A quiet Saturday


Any interesting news on the Reason Rally? Twitter isn’t all that informative, possibly because for once people are too engaged to waste much time tweeting. I did like this one –

“300 years after the enlightenment we have to have a rally for the fucking obvious” – Tim Minchin #reasonrally

It’s a thought I have often often often, or it might be more accurate to say I never stop having it. Why are we still having to say this when it’s so fucking obvious?

Dawkins made a similar point in the Washington Post a few days ago.

How have we come to the point where reason needs a rally to defend it? To base your life on reason means to base it on evidence and logic. Evidence is the only way we know to discover what’s true about the real world. Logic is how we deduce the consequences that follow from evidence. Who could be against either? Alas, plenty of people, which is why we need the Reason Rally.

Quite. I wonder how the True Reason people and their “water for the thirsty” are getting along.

Lots of Freethought bloggers are there, of course, making complicated plans to find each other in the crowd – PZ, Ed, Greta, JT, Jen, Hank, Dan, Brianne, Mano, that I know of. Have fun, all.

 

Comments

  1. Felix says

    “How have we come to the point where reason needs a rally to defend it?”

    Radical Enlightenment = Unfinished Business

  2. iknklast says

    Just got back from the Rally; it was a lot of fun, lots of soggy atheists and plenty of laughter in the rain. The Christians were barely noticed in their little fringe protest, except for those who went over and took pictures of them and their signs.
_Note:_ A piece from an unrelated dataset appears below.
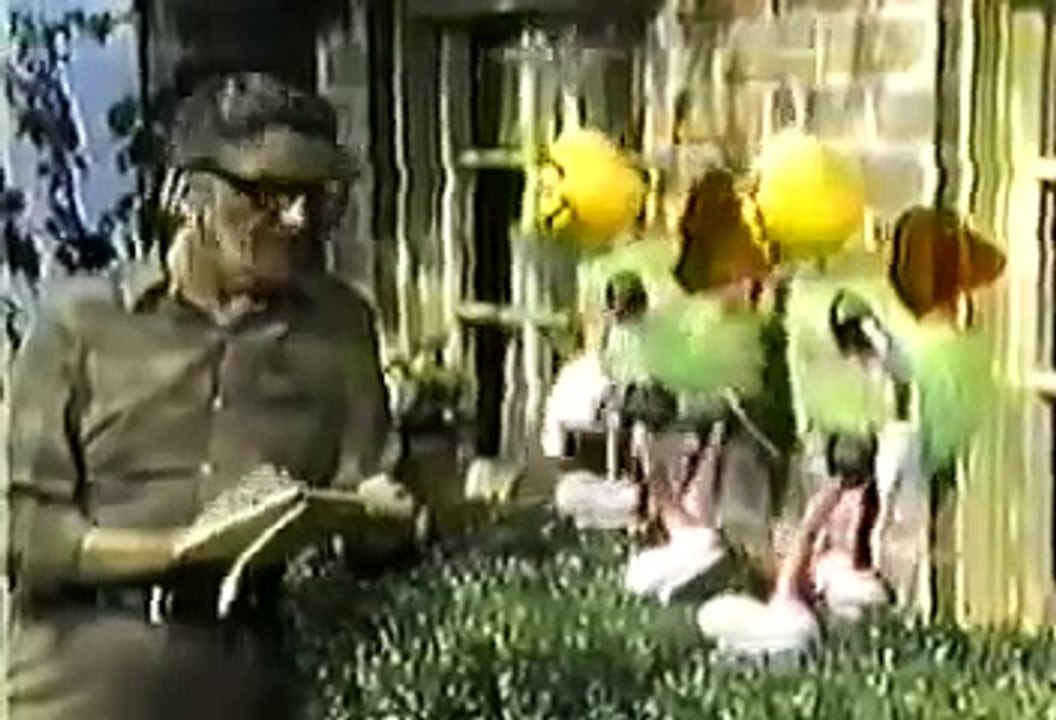 Nickelodeon Pinwheel bumper & Hobo Bugs sing Your My Brother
There were a couple who offered me tracts/lies about Darwin, but none that offered water. Since most of us seemed to be well aware of how to acquire our own food and drinks, it probably wouldn’t have had that much impact, anyway. Guess they thought we would all be unprepared, because, well, atheists are such hedonists they don’t think about taking their creature comforts to a full day rally?

    Anyway, it was a great experience, we weren’t struck by lightning or swallowed up by a black hole, so I guess god missed another opportunity.

  3. Rrr says

    Oh joy!

    Taslima’s a colleague, just as soon as the art department finishes with her dang banner.

  4. says

    Did you hear Taslima? I gather from Twitter that she rocked it

    She really rocked the convention. She gave a talk about her history, ending by saying “I’m a stranger in Bangladesh. I’m a stranger in India. I’m a stranger in the West. Where is my home?”, and then saying that her home is with the secular community which has supported her throughout. She got a thunderous applause.
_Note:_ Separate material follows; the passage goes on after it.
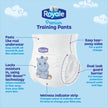 Royale Premium Training Pants, Size Medium, 2T-3T (Up to 34 lbs), 111 Count, Disposable Training Pants (Packaging may vary) 🍁 All In One Marketplace Canada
    I had a little bit to do with that; I was the one who introduced her. As I said in my introduction, “While the work we are doing here in the United States is important, we need to keep in mind that it is those from countries without our constitutional protections who are truly in the front lines of our struggle. I would consider myself a success as an activist if I had one tenth the dedication, the accomplishments, and the courage of our next speaker, Doctor Taslima Nasrin.”